I have been making bread for years but it is only recently that the finished bread has been enjoyable. Most of my bread making has resulted in a lumpen dough that my husband has very kindly eaten. I think bread making takes practice. I have, I think, improved because my kneading technique has improved with practice and I now know that you shouldn’t let the salt and the yeast come into contact with one another before you start to mix the dough. Apparently the salt begins to de-activate the yeast. Also I now add more water than I used to, a sticky dough works better than a slightly too dry dough. I made a loaf of bread yesterday to go with the ham and pea soup I made and it worked out quite well. I am very proud of that achievement after years of lumpen dough.
The recipe I use comes from my well used copy of The River Cottage Family Cookbook (2005, Hodder & Stoughton). I can’t recommend this book enough, everything works and is really well explained. It is aimed at younger members of the family but it is a book I turn to again and again. I am a fan of most things coming out of River Cottage.

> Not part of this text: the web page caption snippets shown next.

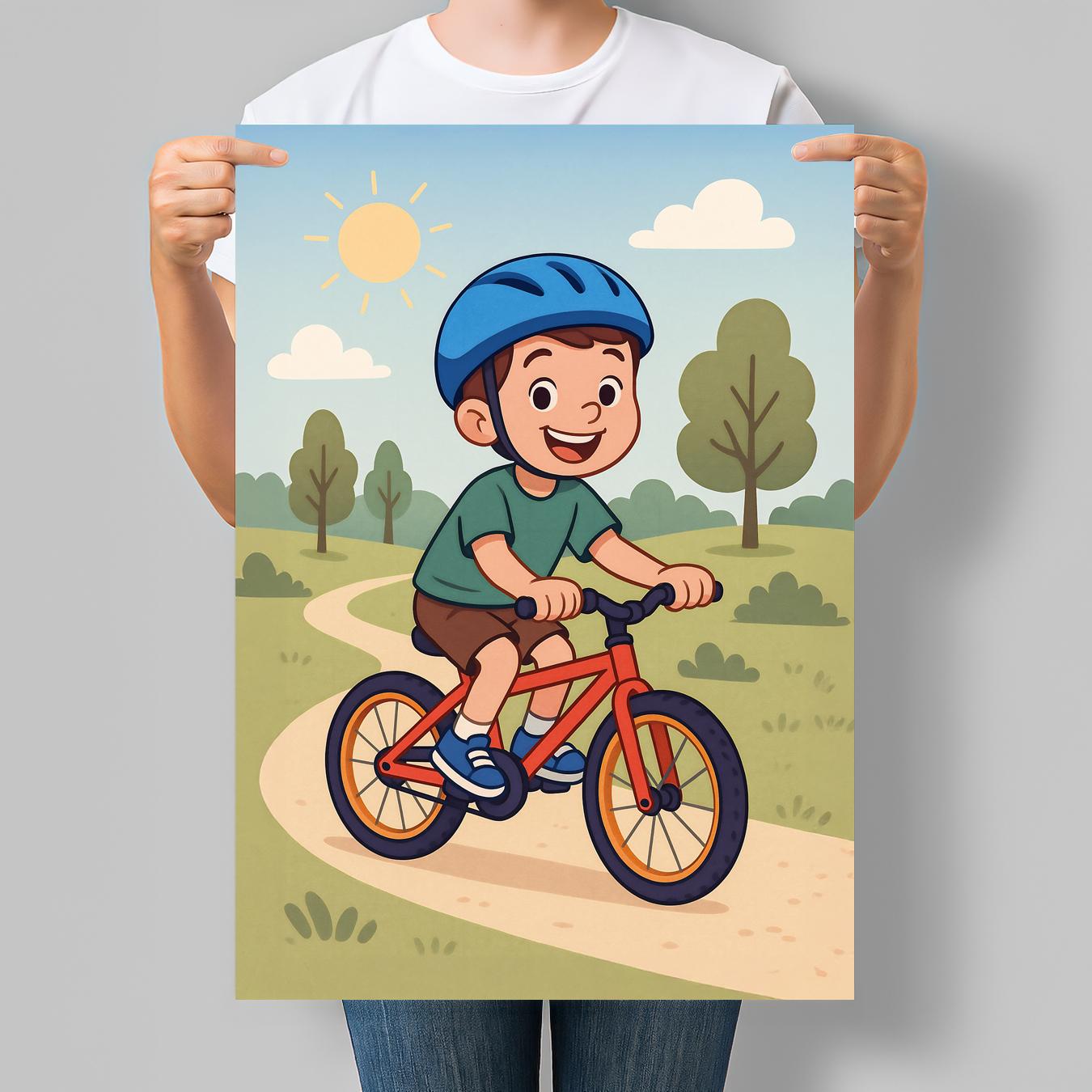 Постер для детской комнаты Мальчик на велосипеде 42x60 см A2 без рамки (DYT003_A2) Постер для детской комнаты Мальчик на велосипеде 42x60 см A2 без рамки (DYT003_A2)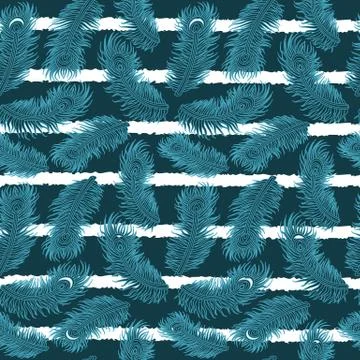 Teal Feather Pattern Design Background Stock Illustration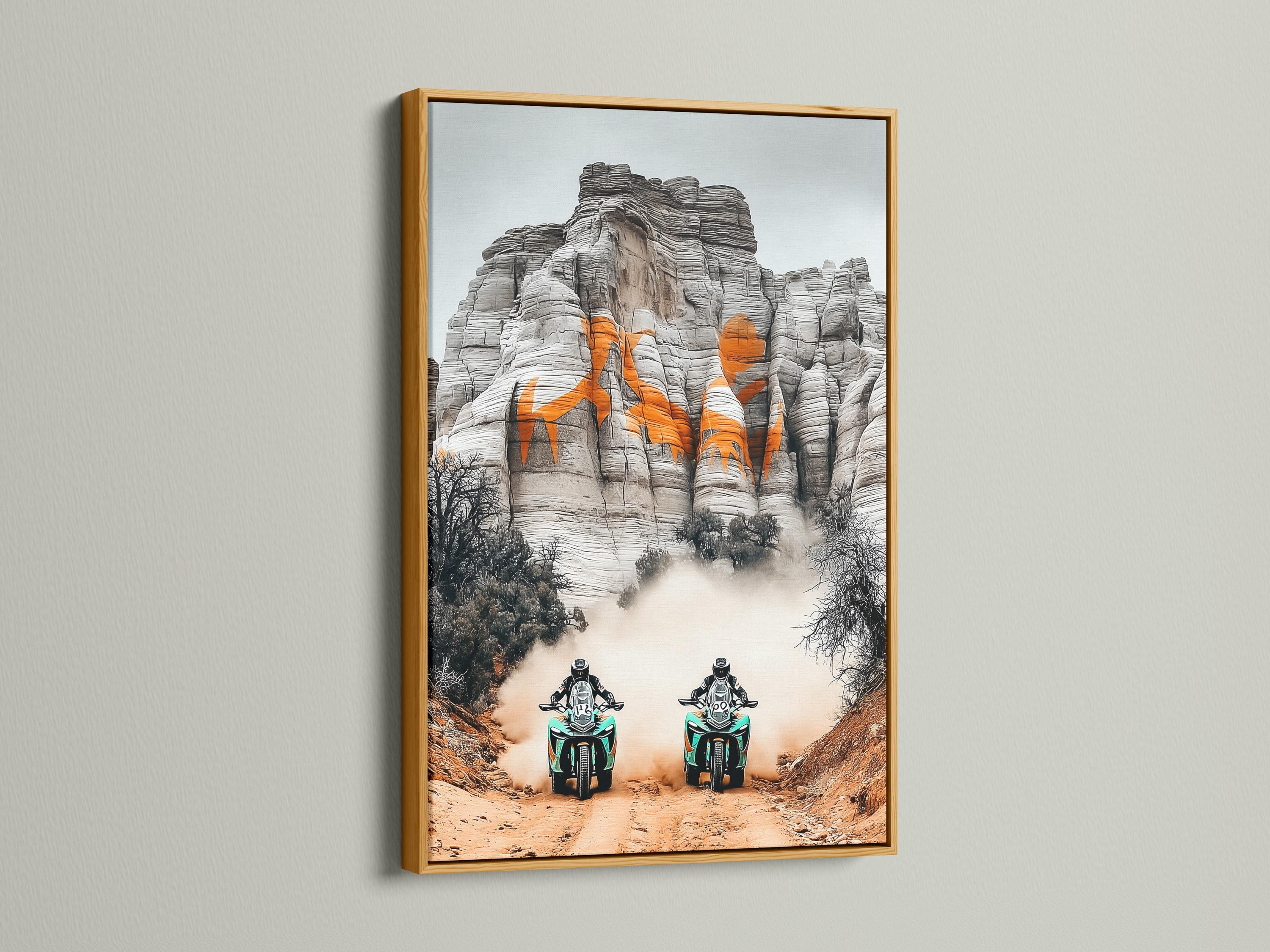 Two off-road motorcycles with turquoise accents racing through desert haze against grey cliffs detail view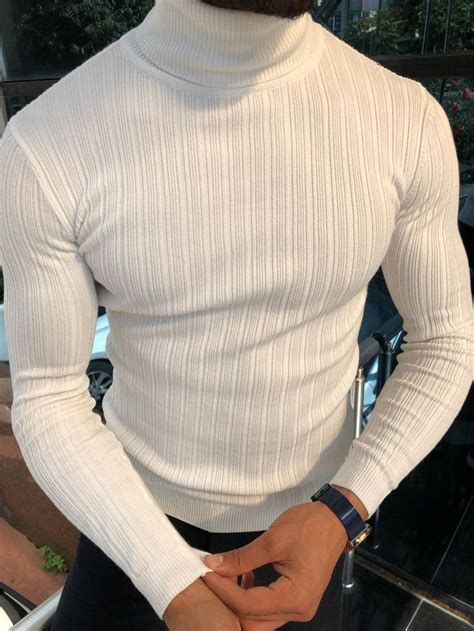 Santo Slim Fit Turtleneck Knitwear White Xs Turtleneck Knitwear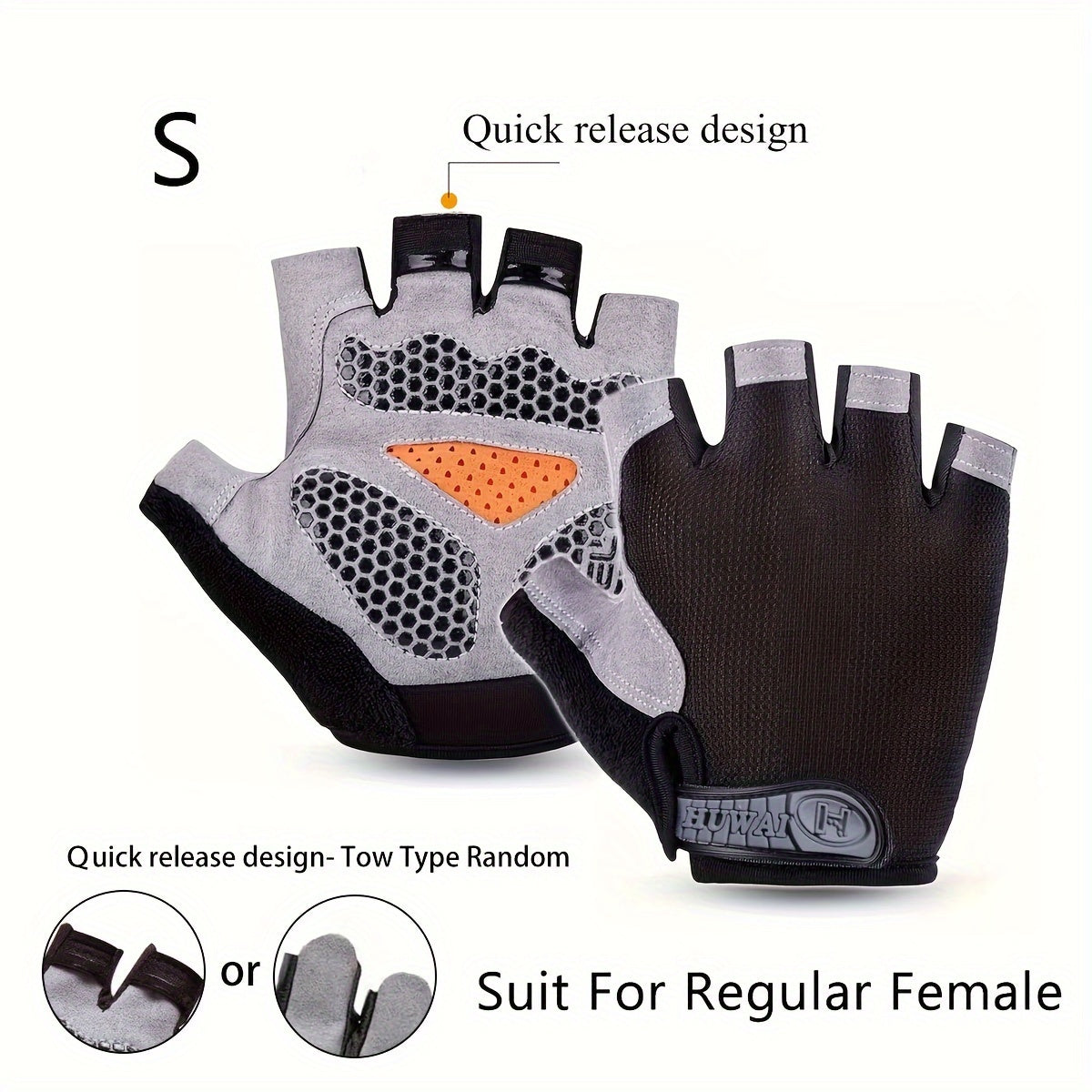 GUA16 - Guanti da ciclismo unisex a mezze dita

The picture above shows a loaf that I made out of half this quantity of dough, as I split it and made two loaves.
500g strong white flour
2 tsp salt
2 tsp or a 7g sachet of fast-action bred yeast
2 tsps sugar
2 tbsp olive oil
300 ml warm water
Measure the flour and place in a large bowl. I like to warm this in a low oven (100°c, or lowest setting) for a few minutes whilst I get the rest of the ingredients ready. I have a granite worktop which cools everything down too much otherwise. Keep the salt and yeast away from one another until you are ready to mix. When everything is prepared add the yeast, sugar and salt to the flour and mix to combine. Add the olive oil and the water and work with your hands to a soft and, importantly, slightly sticky dough. Take this out of the bowl and knead well for as long as you can bear, at least seven minutes if possible, it’s better if it’s ten minutes. Do it until you feel your arms want to drop off. To knead you hold the dough with one hand and then stretch some of the dough away from you with the heel of the other hand and then bring it back into a ball and repeat. It needs to be smooth and when you poke your index finger in and take it out the dough should bounce back. Place it back into the bowl and cover with a clean damp tea towel or oiled cling film and place in a warm part of the kitchen for 1- 1½ hours until the dough has doubled in size. Grease a loaf tin or a baking tray with a little olive oil.Give the dough a punch to knock the air out and knead for 30 seconds and shape into a ball if you are making a loaf on a baking tray or roll into a sausage shape and fold in half and place into the loaf tin. Leave to prove for another 30 minutes, covered with a cloth or the oiled cling film, but don’t let it double in size again as it needs to continue to grow when it’s in the oven. Bake in a preheated oven at 220° c (425°f, gas mark 7) for about 25-30 mins. To check it’s cooked turn it out of its tin and give it a knock. If it sounds hollow it’s cooked. If I cook it in a loaf tin, I like to put it back in the oven out of its tin for a further five minutes for the crust to get crisp. Leave to cool on a wire rack.